Antara Mode dan Skala
Skala dapat ditelusuri awalnya pada jaman Yunani Kuno. Untuk mengenal dan membedakannya, bentuk yang ditemukan diberi nama suku-suku besar yang ada saat itu yakni Dorian, Phrygian, Lydian dan Mixolydian. Skala yang ditemukan tersebut terdiri dari 8 nada (C-D-E-F-G-A-B-C) yang tertulis dalam tatanan menurun (descending order). Skala Dorian dimulai dari nada E, Phrygian dari D, Lydian dari C, dan Mixolydian dari B. Bandingkan tatanan menurun ini (E-D-C-B) dengan tatanan naik (C-D-E-F-G-A-B-C).

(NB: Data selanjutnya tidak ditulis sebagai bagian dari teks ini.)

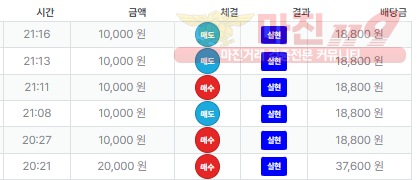 퍼스트 신뢰점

Pada Abad Pertengahan, skala-skala tersebut diadopsi oleh para musisi di Gereja Kristen. Namun karena alasan-alasan tertentu, mereka membuat berbagai perubahan: Pertama, mereka membalik urutan yang semula menurun (descending order) menjadi menaik (ascending), yaitu C-D-E-F-G-A-B-C; Kedua, mereka merubah nada dari mana mereka mulai; Ketiga, memperkenalkan istilah “mode” untuk skala. Artinya, Skala Dorian menjadi Mode Dorian dan mulai dari nada D (D-E-F-G-A-B-C); Phrygian dari nada E (E-F-G-A-B-C-D), Mode Lydian dari F (F-G-A-B-C-D-E) dan Mode Mixolydian dari nada G (G-A-B-C-D-E-F). Dari sini tampak tatanan naiknya, yaitu D-E-F-G.
Sementara itu, nada yang dimulai dari C (yang awalnya milik skala Lydian dari Yunani Kuno) dinamai Mode Ionian. Sedangkan nada yang dimulai dari B (yang semula adalah skala Mixolydian pada zaman Yunani Kuno) sekarang dinamai Mode Locrian. Sementara skala yang dimulai dari nada A dinamakan Mode Aeolian.
Mode Ionian : C D E F G A B C
Mode Dorian : D E F G A B C D
Mode Phrygian : E F G A B C D E
Mode Lydian : F G A B C D E F
Mode Mixolydian : G A B C D E F G
Mode Aeolian : A B C D E F G A
Mode Locrian : B C D E F G A B
Sekarang terdapat tujuh Mode yang semuanya memiliki nada C-D-E-F-G-A-B, namun masing-masing dimulai dari nada yang lain. Perbedaan itu menyebabkan mereka memiliki nuansa musik sendiri (atau lebih dikenal sebagai “tonality”) yang tidak sama dengan lainnya. Jika interval pada setiap nada (“modality”) sama, maka ke-7 mode itu tidak akan ada bedanya. Ciri khas itu terbentuk karena ada jarak yang berbeda pada beberapa nada, meskipun penentuan intercal itu sendiri baru ditetapkan pada abad 17 (lihat Gambar 2).
Sejak Abad Pertengahan, sistem Mode telah menjadi sumber melodi utama hingga ditemukannya 5 nada accidental (lihat pembahasan pada halaman sebelumnya). Pada abad 17 berbagai terobosan dalam musik terus dikembangkan, termasuk lahirnya sistem “key signature” yang menetapkan nada pertama sebagai “kunci” atau nada dasar (key-center atau home key) dari mode. Interval antar nada ditentukan jaraknya dari nada dasar ini.